One of the great things this enables, is an easy set up of a hot:hot disaster recovery solution in combination with the SparkPost Cloud email delivery service. Since many of the API commands are identical to those in SparkPost Cloud, customers can set up two accounts for resiliency and switch between them nearly seamlessly. Not only that, but with SparkPost Cloud’s auto warm-up functionality, you don’t need to worry about reputational damage in connection with a fast switch during an outage. This is an easy win for teams working to find ways to improve their system’s robustness, save money compared to setting up redundant infrastructure, begin migrating to a cloud solution, or just explore what SparkPost Signals Analytics Suite is capable of without needing to learn an entirely new API.

MX Rollup and Cold vMTA

MX Rollup is a PMTA feature that consolidates all recipient domains that are handled by the same MX(es) into a single queue. This creates a better management structure for rate limiting and connection or message caps. It’s common for this feature to be particularly useful for smaller domains but there is also benefit in the feature being used for larger domains such as msn.com.

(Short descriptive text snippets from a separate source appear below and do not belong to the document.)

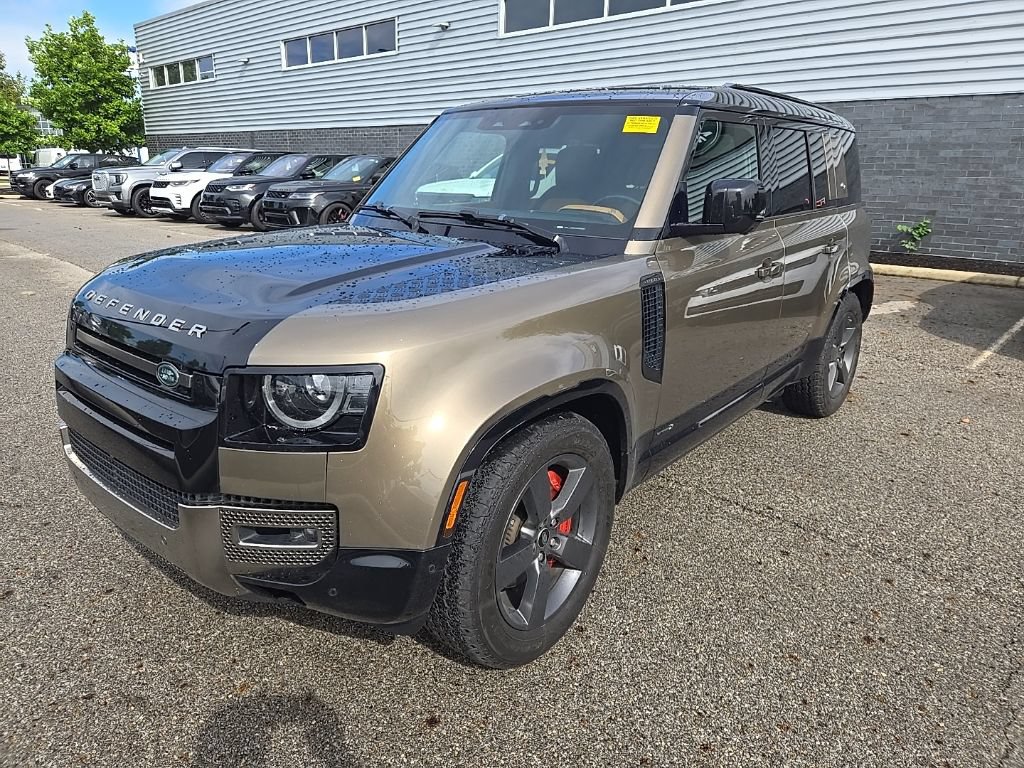 Used 2021 Land Rover Defender 110 X AWD/4WD image 1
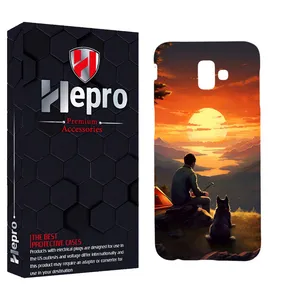 HEPRO MC Cover for Samsung Galaxy J6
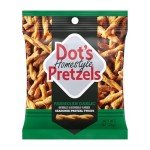 Dot's Pretzels Variety Pack, Original, Honey Mustard, and Parmesan Garlic Twist Snack, 1oz Individually Sized Bags (18 Count)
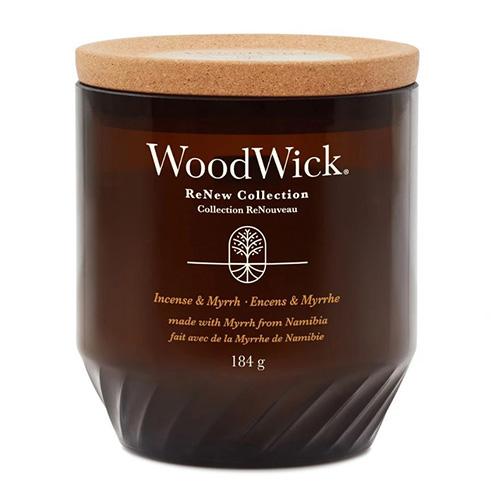Levně WoodWick ReNew INCENSE & MYRRH 184 g
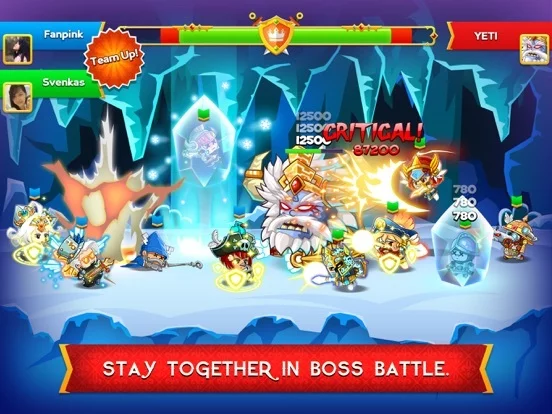 Изображение игры: Rise of Heroes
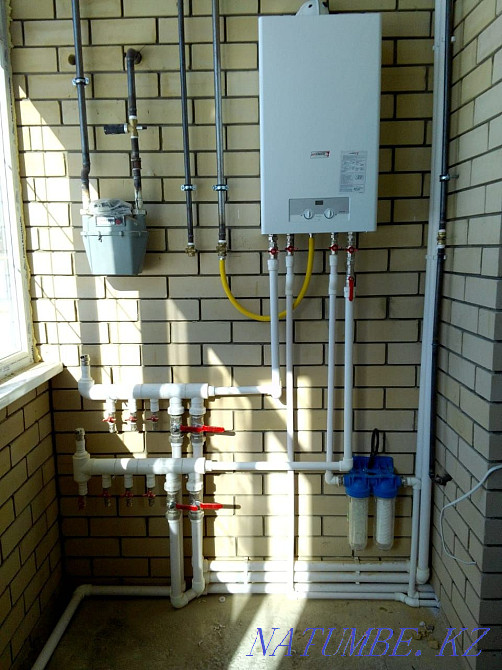 Жылыту сантехникасы  Ақтөбе  - изображение 3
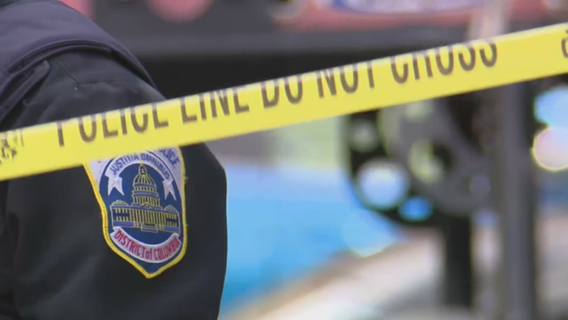 DC police officer in serious condition after being hit by car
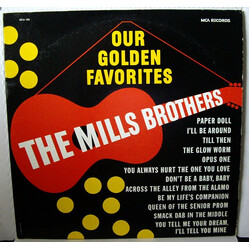 The Mills Brothers Our Golden Favorites Vinyl LP USED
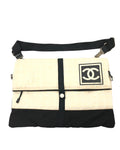 Chanel Classic Flap Bag BeigeBlack Shoulder Bag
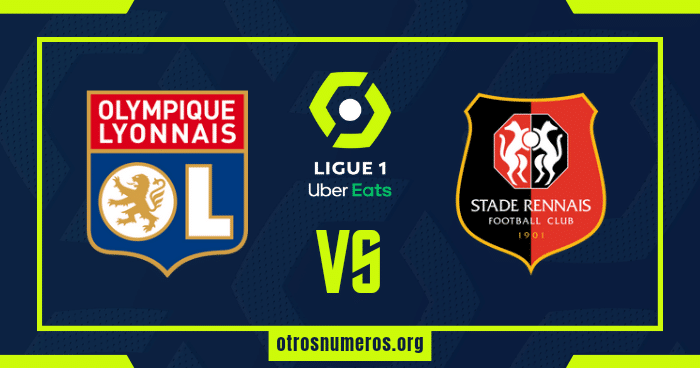 Pronóstico Lyon vs Rennes – | Ligue 1 Francia 26/01/2024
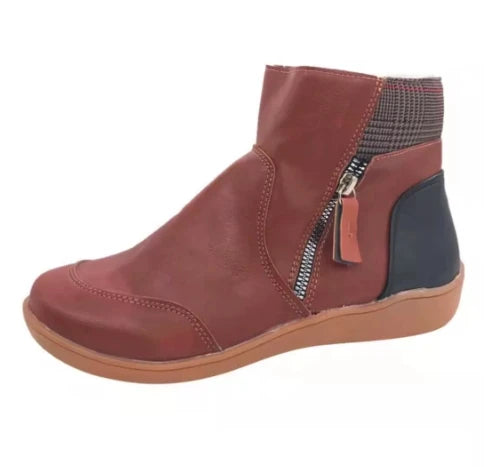 Travel Faux-Suede Boots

Cold vMTA is a feature that’s used to warm cold IPs. It’s a feature designed to limit the traffic to a cold IP and gradually increase that traffic over time to protect the new IP’s reputation.

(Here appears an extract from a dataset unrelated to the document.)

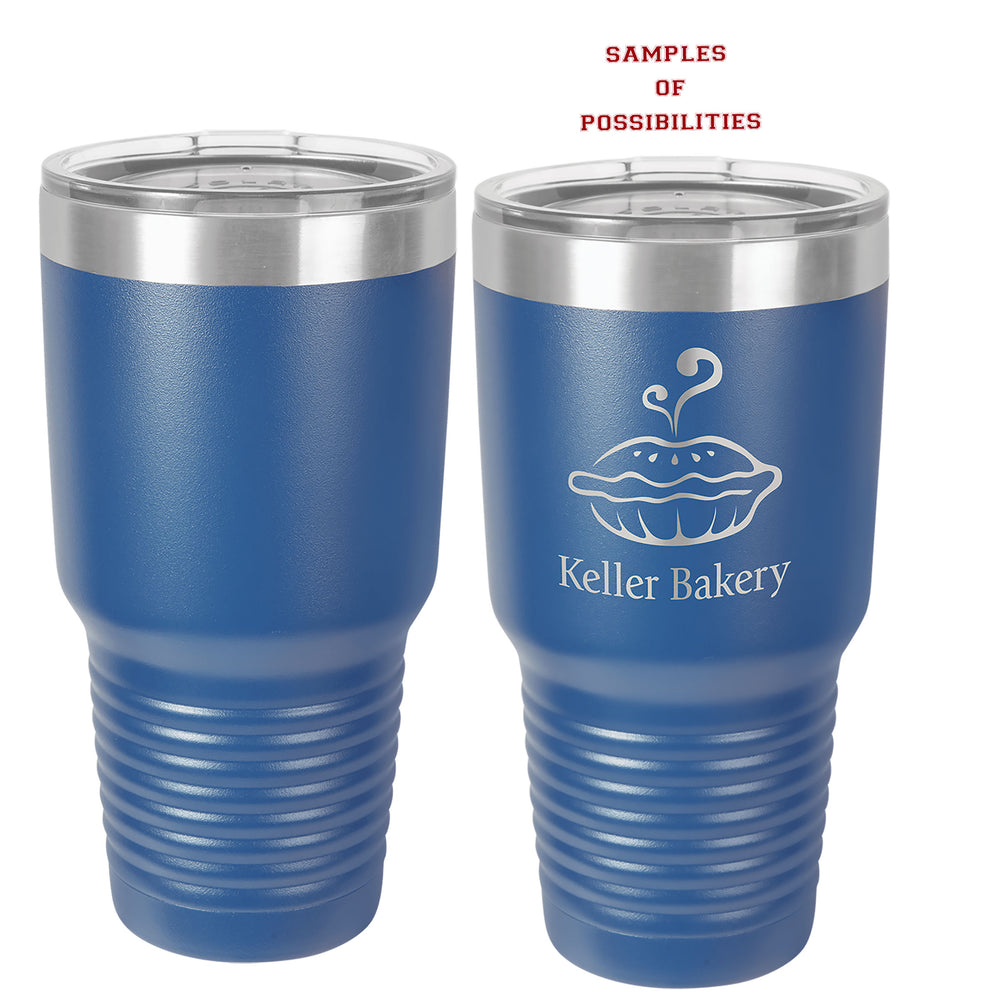 Laser Engraved Polar Camel Tumbler 30oz.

Both MX Rollup and Cold vMTA are available in older versions of PMTA. The revision to this pair of features now allows the cold vMTA feature to be aware of any MX Rollup work going on behind the scenes. It helps protect cold IPs more by making sure that the rolled up queue doesn’t have too many messages in it. This is especially useful in regions such as Europe where roll up can occur for dozens of domains.

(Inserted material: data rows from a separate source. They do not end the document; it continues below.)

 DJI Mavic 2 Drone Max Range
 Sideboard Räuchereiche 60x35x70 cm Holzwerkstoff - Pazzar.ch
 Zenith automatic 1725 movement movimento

JSON-Formatted outputs for PowerMTA monitoring commands

New and seasoned developers alike are increasingly adopting JSON format over XML. By providing JSON-formatted outputs, PMTA data is easier to ingest, filter, graph, and generally consume than it would be otherwise. And operationally, working with JSON is easier and often cheaper than using XML.

Outbound Proxy Support

PowerMTA supports the use of HAProxy protocol for outbound traffic. This allows customers to deploy all their source IPs on an external proxy server instead of being deployed on the individual PowerMTA nodes. The internal PowerMTA nodes will route their email through the correct source IP deployed on proxy node via the use of proxy protocol. This makes it very simple to load balance outbound traffic across multiple PowerMTA nodes. Likewise, if a node is taken down for whatever reason, users will still have access to their full range of IPs.

New User Guide

A revised user guide is now available in HTML format. In addition to the improvements to the Web Monitor, having a User Guide available in a searchable .pdf viewer can make learning the ins-and-out of PMTA a breeze. This is valuable regardless of if you’re a new user just getting started or an experienced user looking to get the most out of PMTA.

Opportunistic DANE

DANE stands for DNS-Based Authentication of Named Entities and is now supported by PMTA. It is defined in RFC 7672 and allows digital certificates commonly used for TLS to be bound to domain names. This means that a domain owner is able to specify which Certificate Authorities (CA) are allowed to issue a certificate for a particular resource - combatting the abusive practice where a CA issues certificates for a domain that doesn’t belong to the requesting party.

HTTP Delivery Webhooks

Allows emails to be delivered from PowerMTA to a destination endpoint using HTTP/HTTPS. This makes implementing important enhancements such as unsubscribe hooks much easier.